Because Juventus need Dybala now more than ever before to try and ensure that they’ll be in the Champions League again in September even if he might not know for sure where he’s going to be playing his football next season.
RANDOM THOUGHTS AND OBSERVATIONS
- Juventus’ captain on this night will see his current contract expire on June 30.
- Juventus’ vice captain on this night will see his current contract also expire on June 30.
- With the stadium capacity being dropped down to 5,000 for the next couple rounds of fixtures, we got to hear something that we have yet to hear much of this season because there have been stadiums either at 50 or 75 percent capacity: The sound of Carlo Pinsoglio yelling at his teammates. Clearly he’s able to be in full voice again after his short COVID absence.
- Juventus, a team managed by Max Allegri, had close to 72 percent possession in the first half against Udinese. You could have probably thought that Udinese would drop back and defend a decent amount of the time, but it’s not like seeing Juve have a ton of possession is something we’ve gotten used to this season.
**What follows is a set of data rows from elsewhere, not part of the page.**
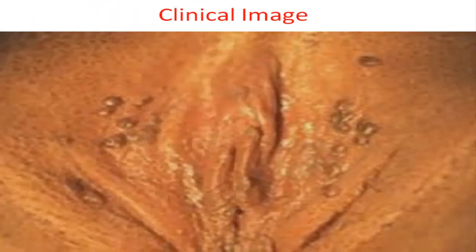Clinical picture shows multiple brown vulval papules with smooth surface.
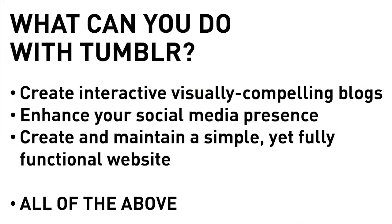In sum, Tumblr can help you create interactive, visually compelling blogs, enhance your social media presence, and create and maintain a simple yet fully functional website.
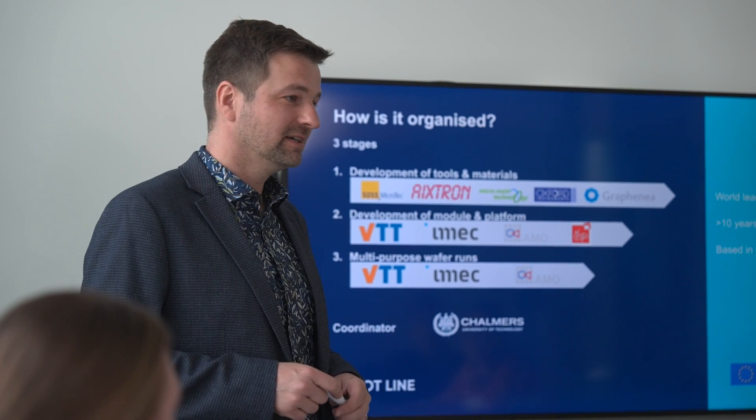2D EPL stands for 2D Experimental Pilot Line, and it's a project which has the ambition to generate a European ecosystem for the production and fabrication of 2D materials and their devices. These devices find their application mostly in sensors, electronics, and photonics, and the full idea is that all those devices are fabricated at full wafer scale.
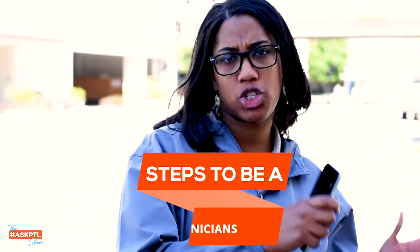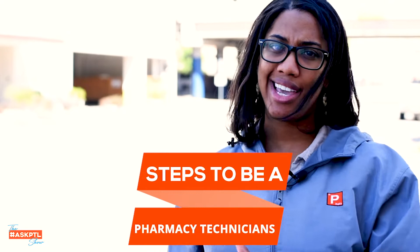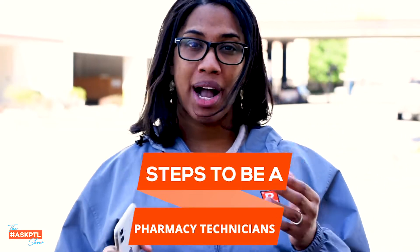Hey guys, this is Onisha Biggs of PharmacyTechLessons.com, and today on the Ask PTL show we're going to be talking about how do you become a pharmacy technician from start to finish. We're going to talk about A to Z — a basic streamlined process that you need to utilize and take.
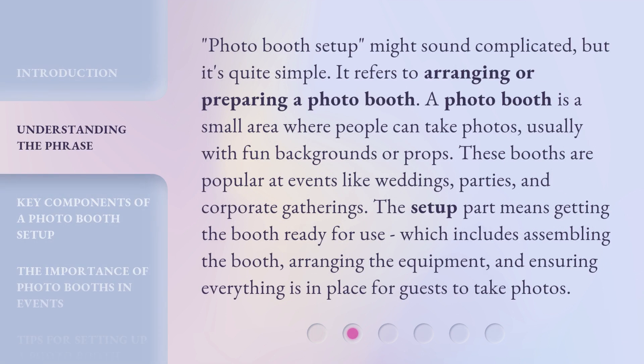Photo booth setup might sound complicated, but it's quite simple. It refers to arranging or preparing a photo booth. A photo booth is a small area where people can take photos, usually with fun backgrounds or props. These booths are popular at events like weddings, parties, and corporate gatherings. The setup part means getting the booth ready for use, which includes assembling the booth, arranging the equipment, and ensuring everything is in place for guests to take photos.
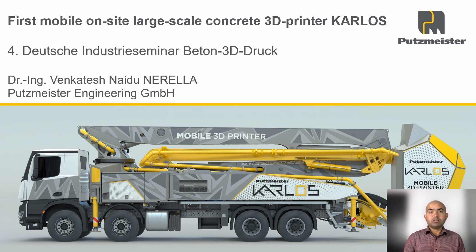Hello, I'm Venkatesh Nerelda and I work for Putsmeister Engineering. I'm here to introduce our mobile on-site large-scale 3D printer to you.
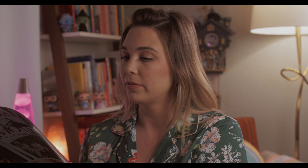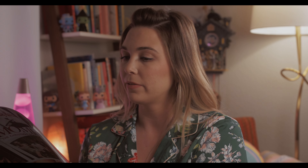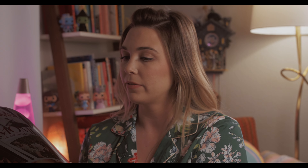I mean, that's what this whole book is full of — just lavish and extravagant gifts. But then you get to this page, and it says 'Make it Savory.' The items on this page include a candle for $65, a hot honey sauce for $80, and the Barbecue Bible for $110.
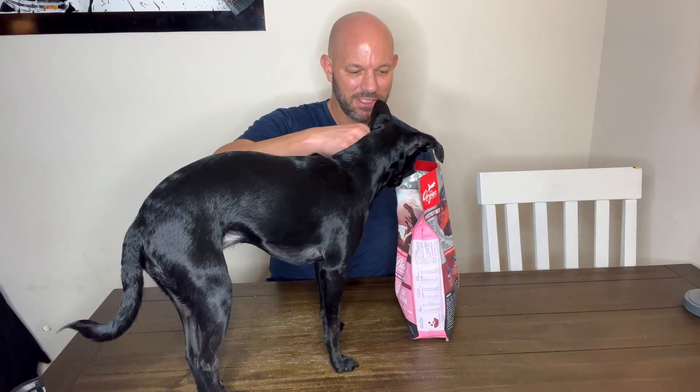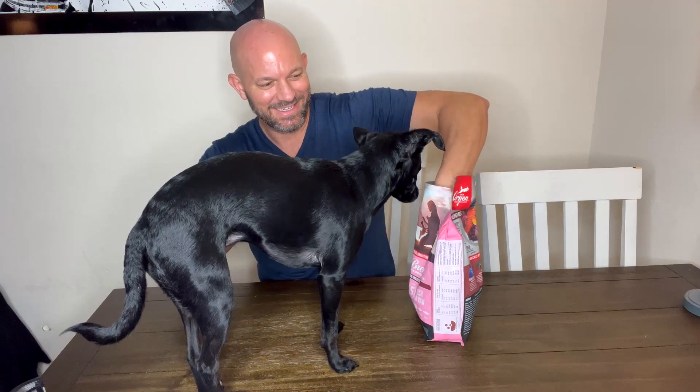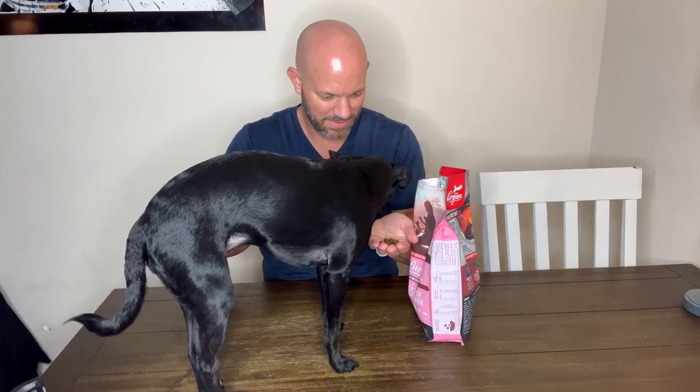Now it does not come with a scoop — this is just my own little scoop here. Do you want some? She's like, not from the scoop. There you go.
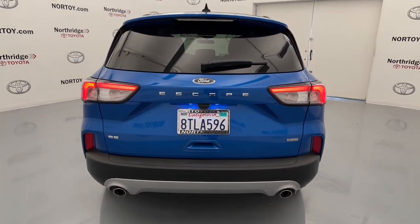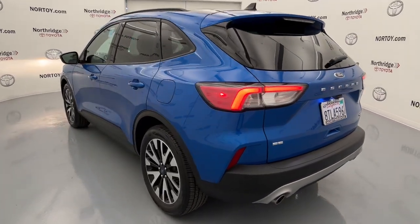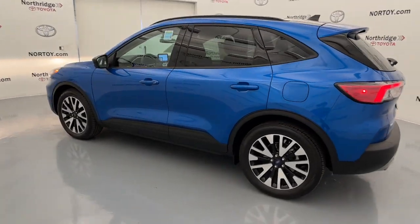This compact crossover delivers safety, convenience, versatility, and a smooth, relaxing driving experience, so all you need to do is enjoy the ride.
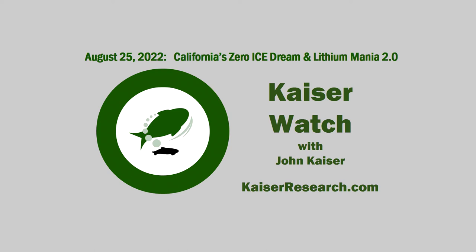Welcome to KaiserWatch with John Kaiser. I'm your host, Jim Goddard. Welcome back to KaiserWatch. Happy to be back on the show.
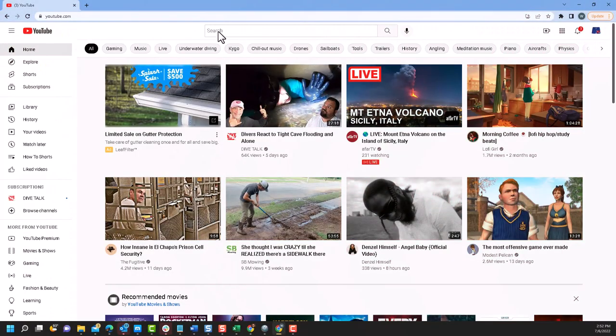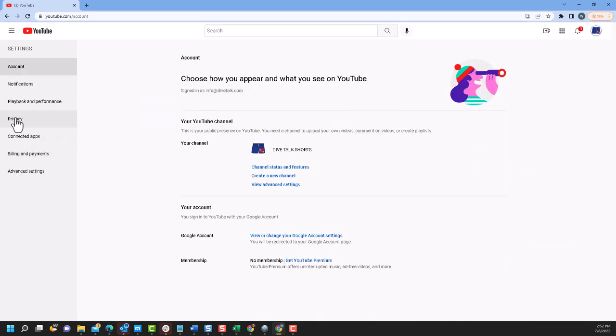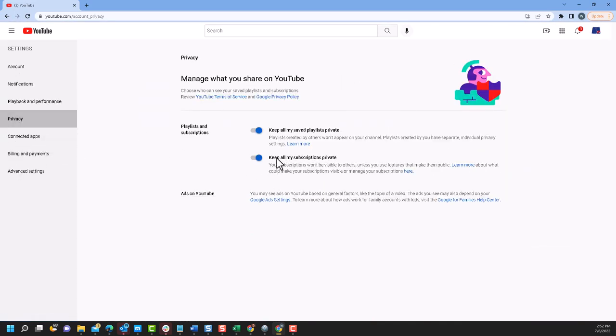Here I am on YouTube connected to our Dive Talk Shorts channel. You can see that I'm already subscribed to Dive Talk, but I'm not showing it publicly. The way to do that — and this is by the way the default from YouTube — is you're going to go to your settings. Within the privacy section, notice there's a question saying 'keep all my subscriptions private.' This is enabled by default, so all you have to do is uncheck that. And that's it — you are now publicly subscribed to Dive Talk.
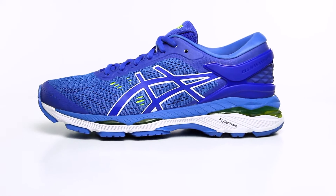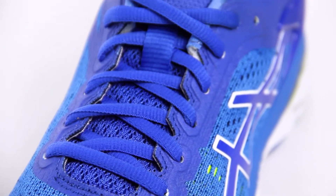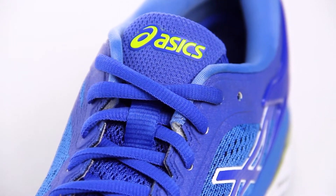This is the women's Kayano 24 from Asics. The Kayano has been a go-to style for runners since it was introduced, and this version of the Kayano doesn't disappoint.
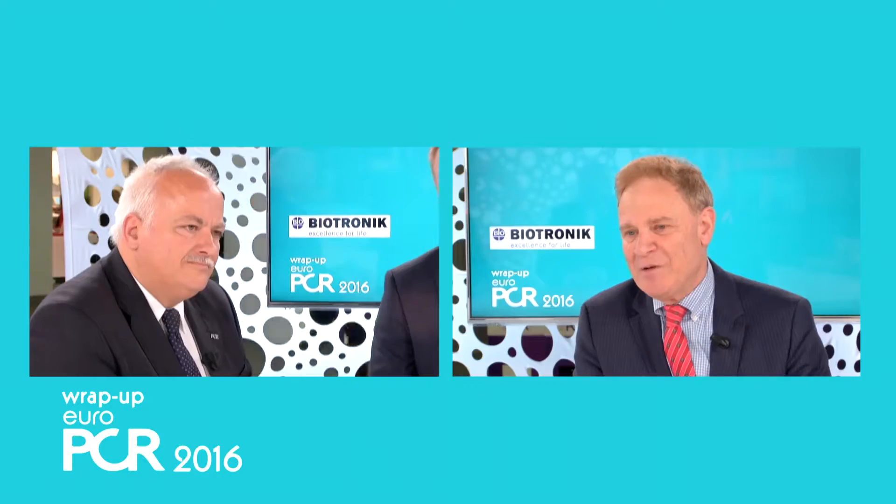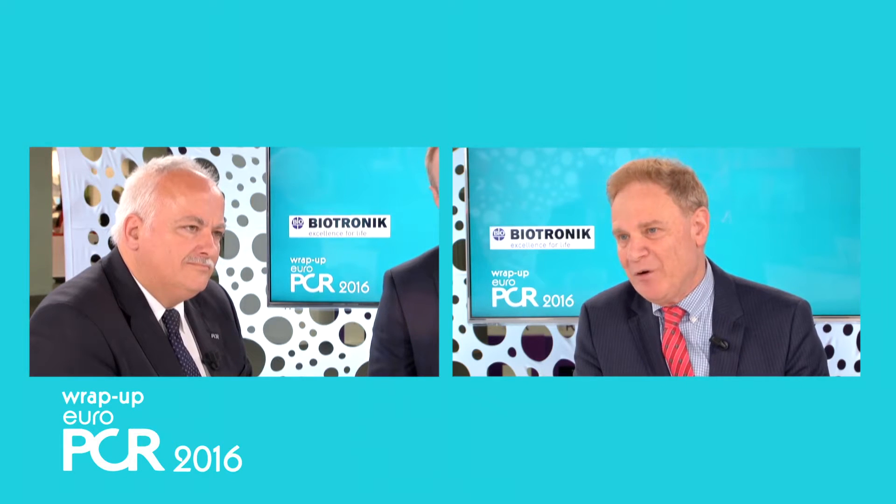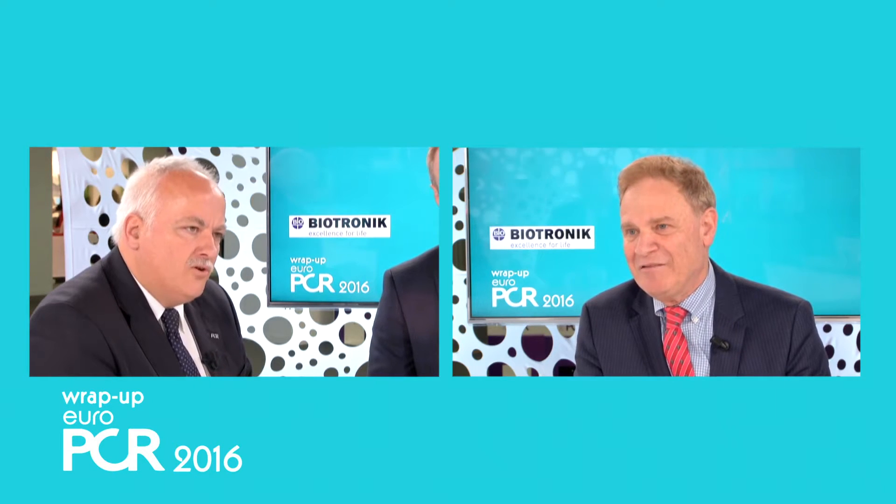Hello everyone, I'm Ron Waxman from Washington and we are here at PCR with Michael Howde and Clemens Fort Wilburgen. We're going to discuss today about the magnesium scaffold, the BRS magnesium scaffold. Tell us what is the difference between the magnesium scaffold versus the polymeric scaffold that are available.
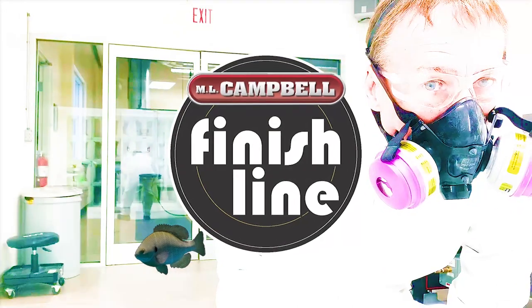Fish eyes and craters are words that strike fear into the hearts of all wood finishers. If all your wood projects look like they belong in the fish tank, don't fear. I'm Darrell Young with ML Campbell and you've reached the Finish Line.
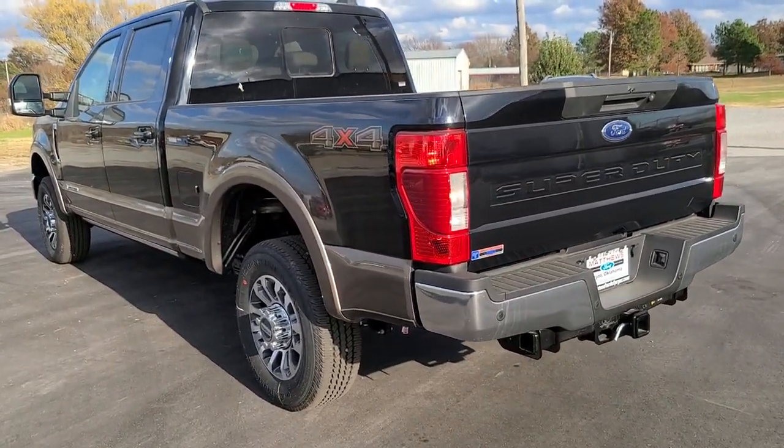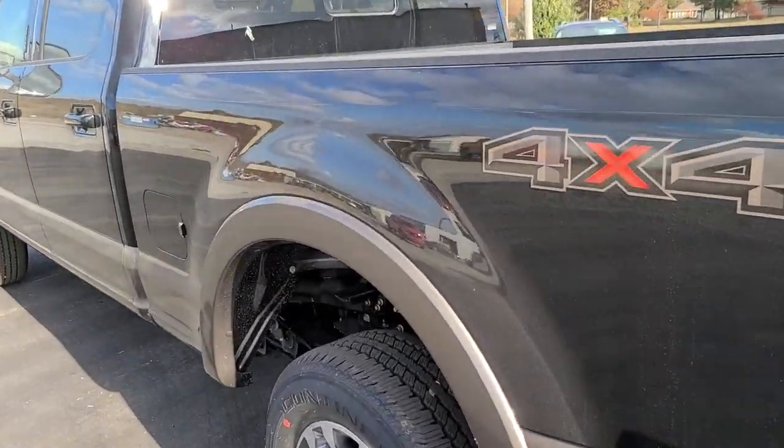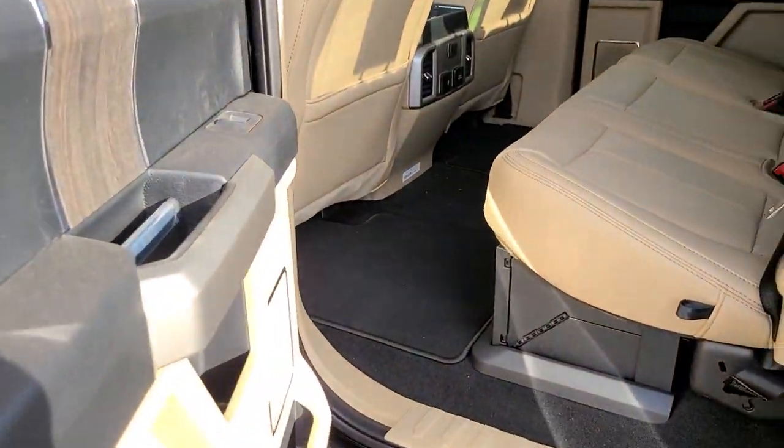Get into a truck with a serious work ethic. This Super Duty is waiting just for you. Come in for a fun and easy test drive — our team will make it the best part of your day.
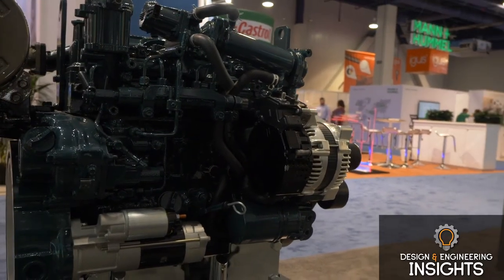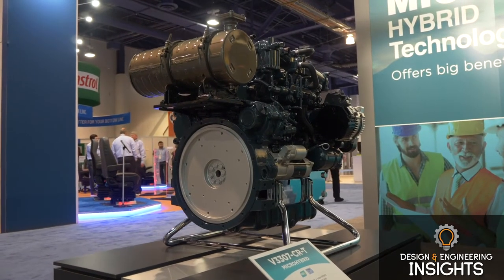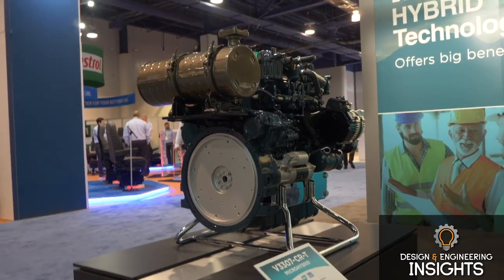Kubota's micro-hybrid system consists of a base engine, motor generator, lithium-ion battery pack, DC-DC converter, and controller. The motor generator replaces the alternator, meaning our micro-hybrid system is simply driven by the belt. During normal operation, the battery is charged, and if additional power is required, our micro-hybrid system will assist with power. It is a very simple system that preserves the merits of the engine.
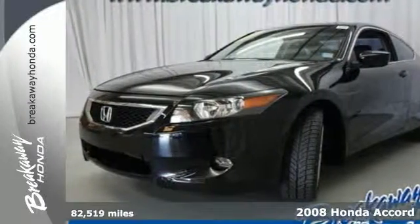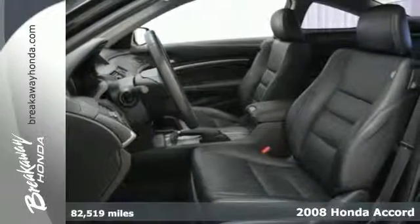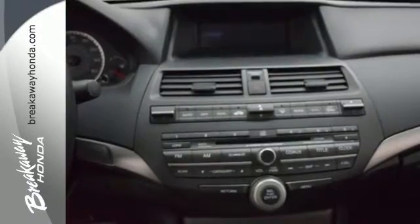Here's a 2008 Honda Accord. The 08 Accord now has more safety features, including stability control, brake assist, a front seat whiplash protection system, and front and rear stabilizer bars.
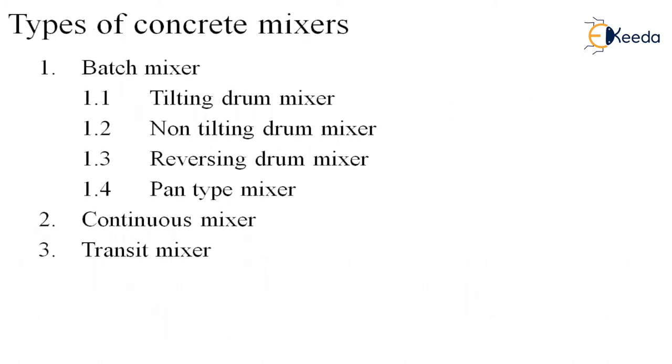Now, what are the types of concrete mixers? There are three types: first, batch mixer, which has sub-types — tilting drum mixer, non-tilting drum mixer, reversing drum mixer, and pan type mixer. Second is the continuous mixer, and the third is the transit mixer.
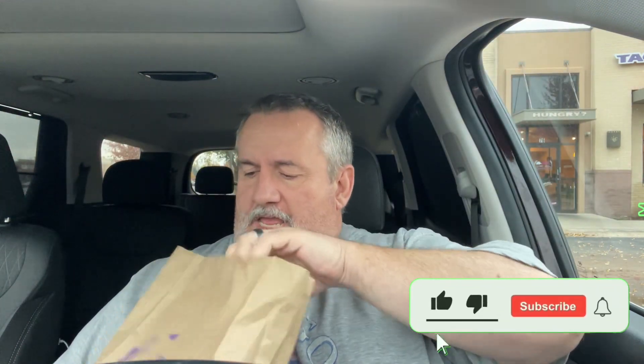What's up YouTube? Big Daddy here. It's time for another food review. We went to the Taco Bell and today we're trying the Steak and Bacon Grilled Cheese Burrito.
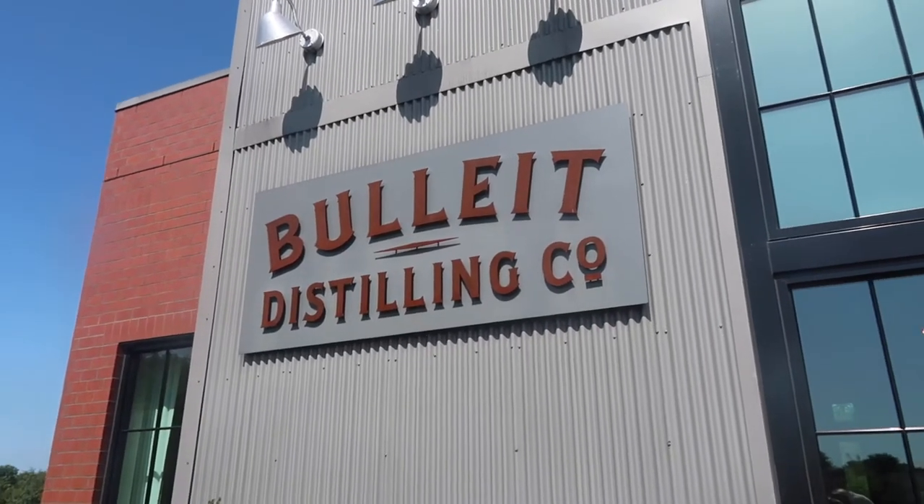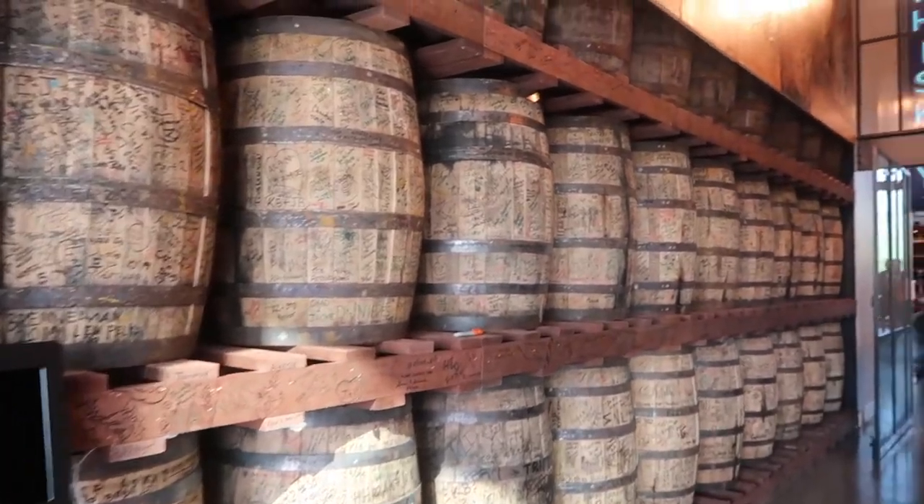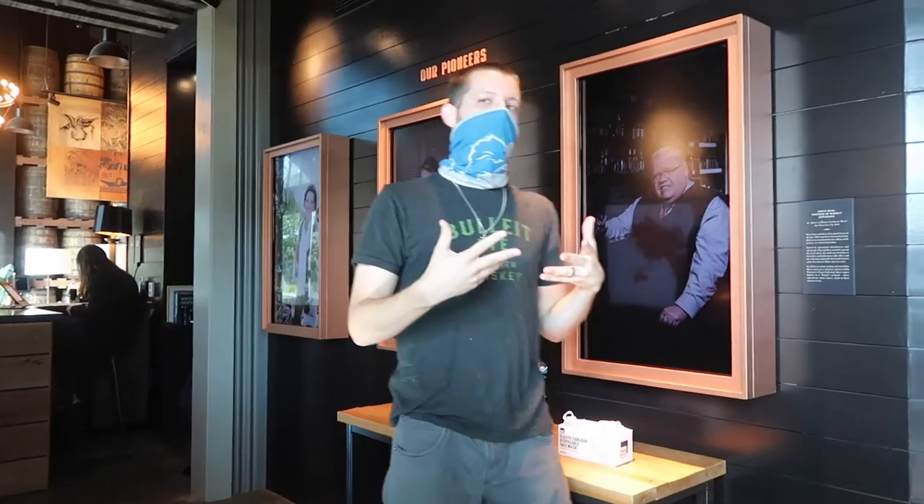After arriving at Bulleit Distillery, we walked in to join our tour. Our tour started in the visitor center where our guide explained the history behind Bulleit Bourbon.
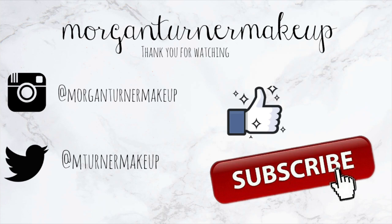If you want to subscribe to my channel, I hope you guys take the time to do so. I will see you guys in the next one. Bye, guys!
- While he tailed off in the second half, the opening 45 minutes was like a trip down memory lane to 2019 when Rodrigo Bentancur was a promising young midfielder rather than a disappointing talent who has had a very poor last 18 months. Bentancur led Juventus in tackles (5), clearances (3) and interceptions (3), and looked a lot like the player who was thriving under Maurizio Sarri during Saturday night’s game. It’s one game and I will not overreact to one game. It was just refreshing to see him play well rather than be the bumbling player full of mistakes. At least for one day.
- Weston McKennie is starting to really look like the player we saw during the first half of the season under Andrea Pirlo. He’s getting forward more and more, he’s showing what kind of threat he can be in the air again and he’s just covering so much damn ground that I have no idea how the dude is going to be able to walk after all the running he’s done lately. He’ll probably tell you he should have had at least one more goal, but McKennie really is establishing himself as a must-start player at this point.
- The camera panned to the sideline. There was Kaio Jorge, ready to come on. The camera switches away for a second, then back to the sideline where subs wait to come on. All of the sudden, a wild Adrien Rabiot appears. We didn’t get Kaio Jorge as Juve’s final sub Saturday night, we got Rabiot. The final 10 minutes were a disappointment.
- But then Rabiot completed all eight of the passes he completed, so suck it haterz.
- In 35 minutes on the field, Mattia De Sciglio had an assist, a team-high two key passes and four tackles. This is Max Allegri leaning back in his chair on the bench and thinking “My boy, my boy....” to himself. (Also, hi Sergio!)
- Poor Moise Kean. Another game without many touches. At least that assist to Dybala was pretty sweet.
- ARTHUR PASSED THE BALL FORWARD AND IT LED TO A GOAL. THIS IS NOT A DRILL.
- Some of the crosses Juan Cuadrado put into the box in this game were gorgeous. They didn’t always find an end target, but they were pretty damn nice.
- Credit where credit is due: During this stretch of games where he’s been essentially thrust into the starting lineup, Daniele Rugani has been nowhere close to a disaster. After playing so little the first half of the season, things could have gone poorly. They haven’t, and he’s done a pretty OK job minus a few mistakes here and there. Coulda been a lot worse, folks.
- I know, I know, Atalanta has two games in hand. But one of them is Sunday against league leaders Inter and maybe for one of the few times this season I actually want to see those jabronis do well. So, please, Inter, go on and beat Atalanta and do so with room to spare.